Last year, after my daughters died, I was desperate for anything that might take some of my pain away. So what did I do? Well, I decided to run a half marathon. Sounds crazy I know, but I was convinced it would help. I knew it would benefit both my emotional and physical healing so I decided to go for it. What did I have to lose? I had never run a half marathon before nor was I in shape to do so. Between being pregnant for six months and then having a c-section it would take a miracle to get ready and the thought of running 13.1 miles seemed impossible, but I wanted to do it. I had to prove to myself that I could do it. And truthfully it felt small compared to the marathon of grief I was already running.
So I trained for 10 weeks. I could barely run at first. But I kept at it. By the time race day came I was ready. I didn't set any new records, but I finished the race. And it felt amazing!
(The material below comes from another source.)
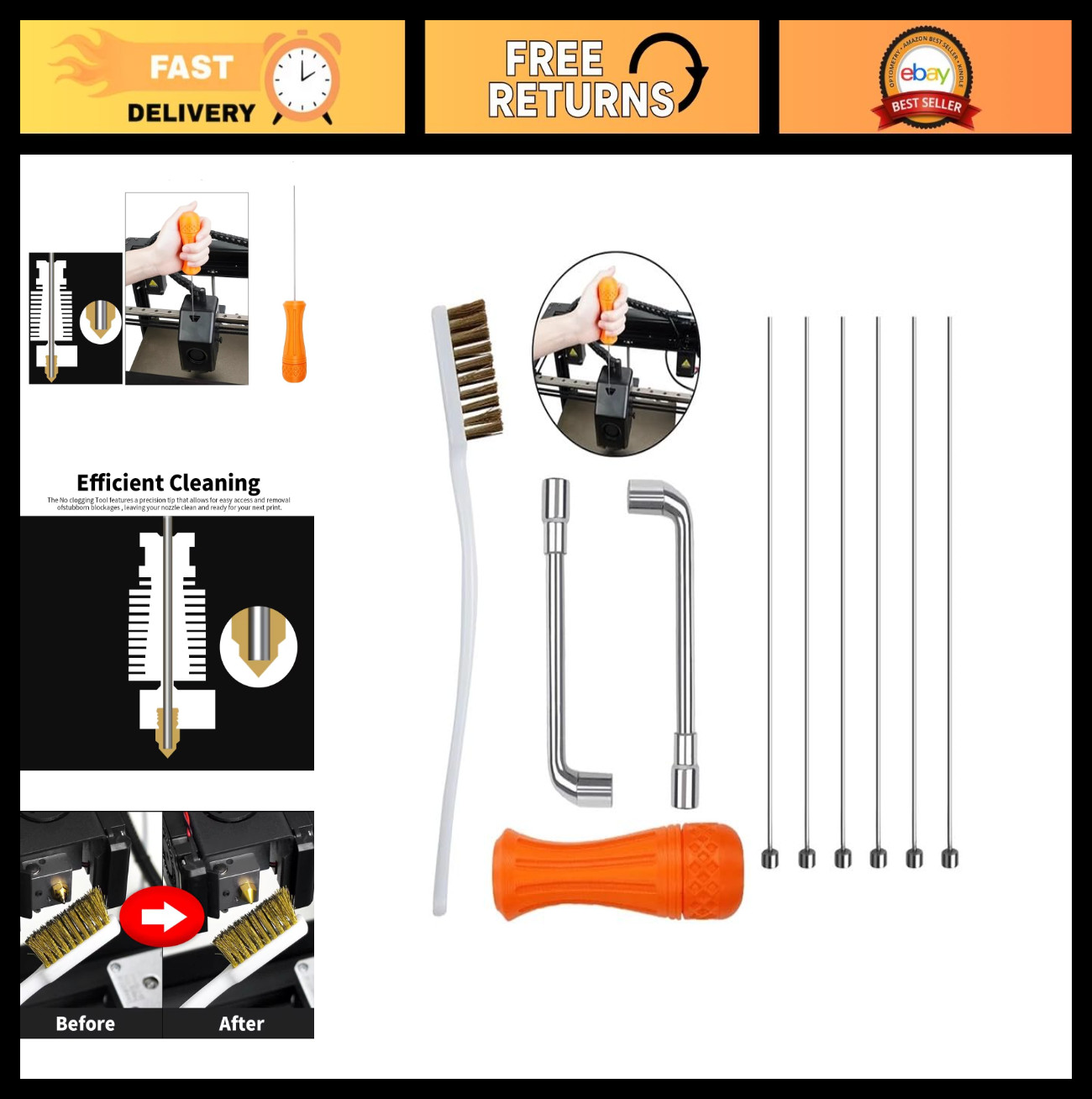 3D Printer Nozzle Cleaning Kit - Clog Remover Tool with Wrench, Brush & Pin for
When I crossed the finish line I knew it would not be my last half marathon.
A year later I am ready to run again. And I want to share the experience. I cannot promise that running will fix all your problems or take away the pain you feel, it certainly was not the magic cure to my own grief. But it did reignite in me the desire to persevere and it reminded me of how much I love living, even after the loss of my sweet girls. Both figuratively and literally speaking, I want to run the race.
Do you want to run the race? So come on then, run with me!
I would love to have t-shirts made for all of us running. It would be an amazing tribute to the babies we lost as well as a powerful way to support each other on our healing journey. If you want to run, email me at firstname.lastname@example.org or leave your name and email as a comment. I will keep a list and we can all support each other as we train. At the bottom of this post is the link to the race site. You can register there. Also, if you sign up on www.runnersworld.com you can have a half marathon training plan printed out specifically for your running level. I assure you anyone can do this. And you will be glad you did
So lets run the race....together!
You can find information about the race here: http://www.kozenterprises.com/Running/halfdf84.htm
Sign up by October and save some money.
This is a great first half marathon for those of you that are intimidated. It is flat (no hills!) and the weather is great in November. Be brave!